国家間経済格差を映す難民問題
ヨーロッパに押し寄せる年間百万単位の難民の大群。これに対する各国の反応には差がある。特に各国で分担して受け入れるべきと言う議論には、各国の経済事情が如実に現れている。
多くの難民が目指すドイツは他国にも引き受けを割り当てたいとしているが、東欧諸国はこれに強く反発している。それは、ユーロ安で大いに潤っているドイツと、まだまだ貧しい東欧諸国の経済格差があるからだ。
国内の右傾化を警戒するドイツは自国で引き受ける難民の数を極力減らした上で、ナチス時代の行為を反省し続ける姿勢もPRしたい。そこで難民は各国で分担して引き受けるべきと主張している。しかし、国内にも貧困問題を抱えて、西ヨーロッパへ多くの出稼ぎ労働者や移住者を出している東欧諸国はとてもそれだけの経済的余裕はないから、大半の移民が目指すドイツや周辺の西欧諸国で引き受けるべきだと主張している。難民の方も、貧しくて職業を得る機会が少ない東欧諸国には行きたくない。つまりはEU内の経済格差が、難民が一国に集中する原因のひとつになっているのだ。
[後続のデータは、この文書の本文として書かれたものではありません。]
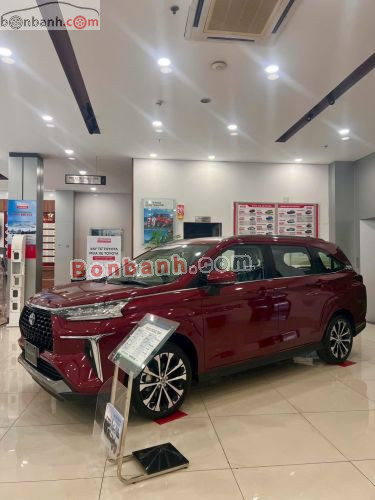 Toyota Veloz Cross Top 1.5 CVT 2026 - ảnh 3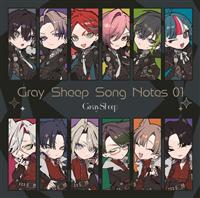 Gray Sheep Song Notes 01(�ʏ��)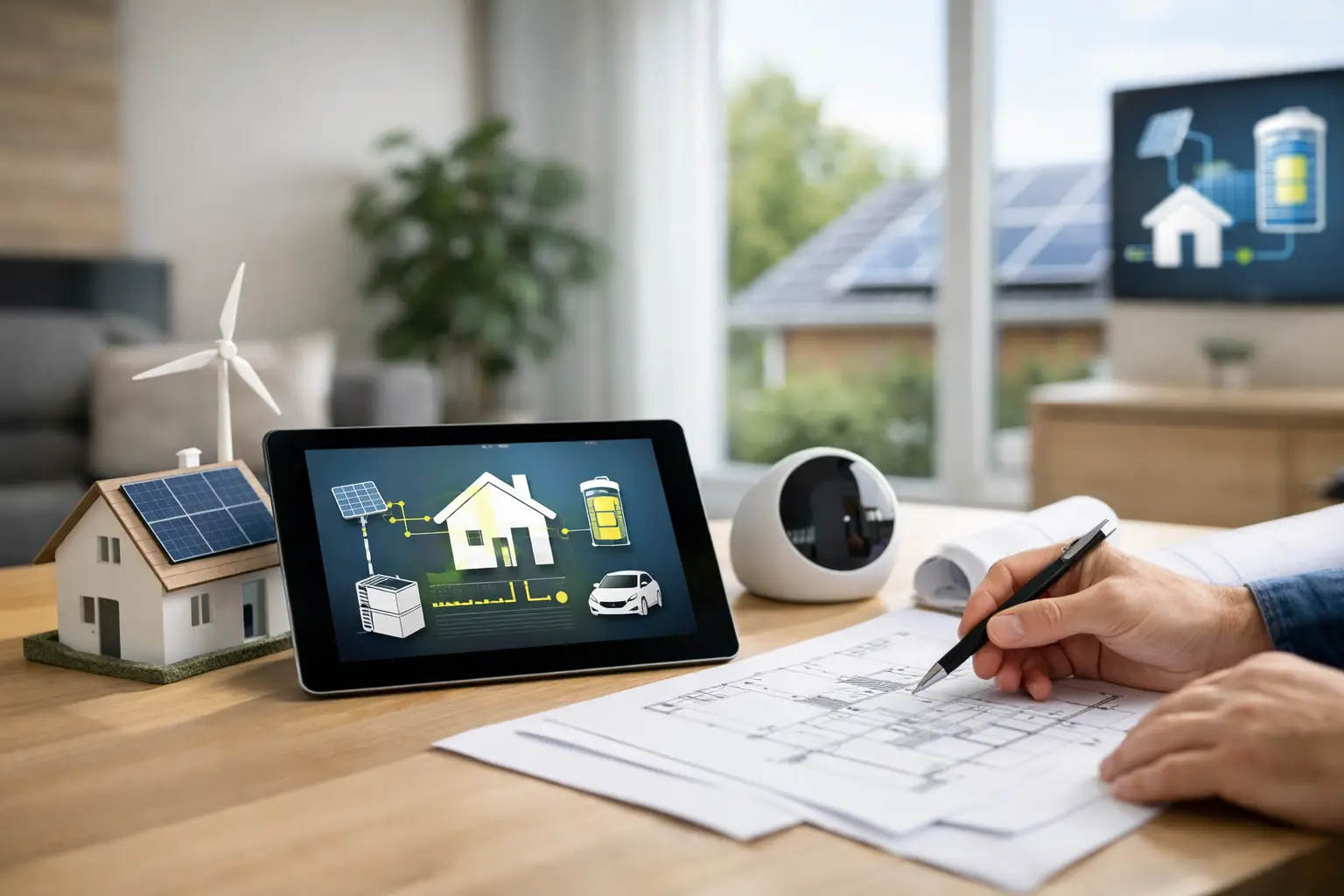 Home 26 Intelligentes Energiemanagement im Haus richtig planen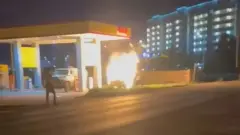 Мать и двое детей сгорели на заправке в Актобе. Владельцу станции вынесли приговор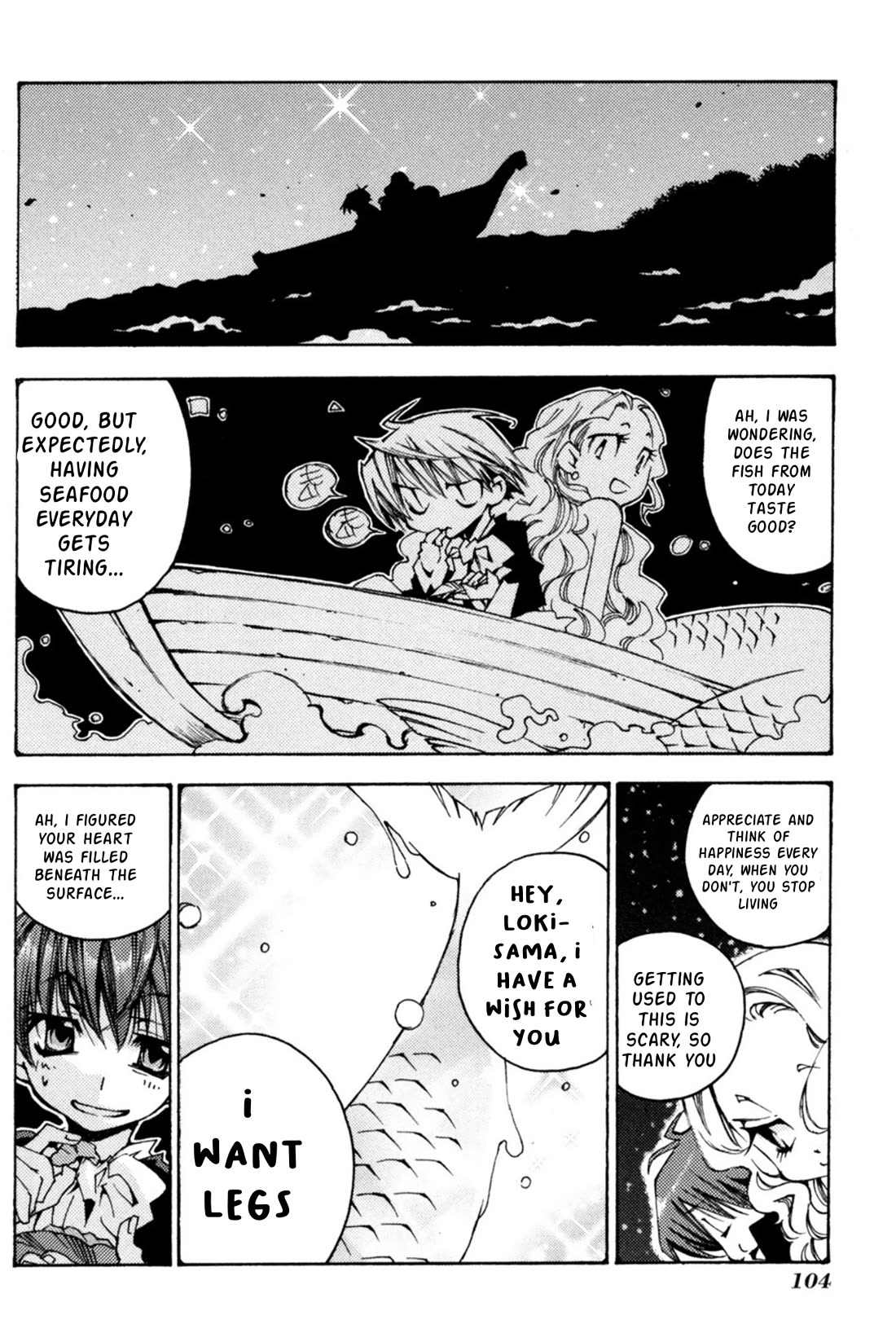 Matantei Loki Ragnarok - Shin Sekai no Kamigami chapter 33 page 13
貧困国の存在によって安く抑えられているユーロ。それによる好景気と繁栄を享受するドイツやフランス。逆に好景気国の存在によって、自国には高すぎるユーロのレートのために不況から抜け出すことが出来ずますます貧困化する経済的弱小国。この国家間経済格差問題を解決しない限り、今後も様々なトラブルが発生し続けるだろう。